In recent years it has become clear that Cockburn's success has created growing pains, especially in relation to transport. It's clear that there is more to be done. That's why when I was elected in 2016 I made the construction of the new North Lake Road Bridge and duplication of Armadale Road key election commitments. The project is now underway. That's why I fought alongside my community to see the end of the wasteful Perth Freight Link and the redirection of those funds into much-needed local transport projects. That's how we secured funding for the additional lane of the freeway northbound from Russell Road. That work is also underway. That's how we secured funding for the Cockburn-Thornlie rail link connection as part of the McGowan government's Metronet transport system.

Further west a couple of years ago I stood with my colleague the shadow minister for regional services and local government on the site of the old Spearwood Road Bridge, which had become a terrible pinch point for people in Beeliar and Yangebup. Needless to say, I supported the City of Cockburn wholeheartedly in its pitch for federal funding to create a new bridge. Despite the fact that WA got virtually nothing from the coalition under the bridges for recovery program, we were successful in the case of that project, which is nearly complete.
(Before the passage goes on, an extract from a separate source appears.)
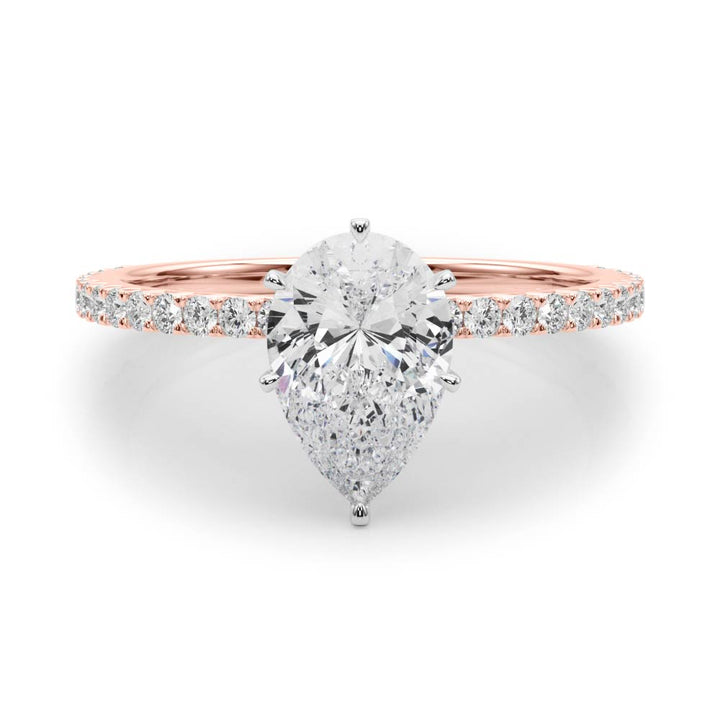 "Ella" Pear Shaped Diamond Engagement Ring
Rapid residential growth needs to be matched with transport links, services, jobs and facilities that allow people to live as part of a connected, sustainable, cohesive community. The city of Cockburn from the bush in Yangebup to the coast at Coogee—or from the wetlands to the waves, as the locals put it—is a diverse and vibrant community. I'm fortunate to be its representative in this place and to share its landscape. I will continue to be a strong voice for the needs and interests of people in Cockburn.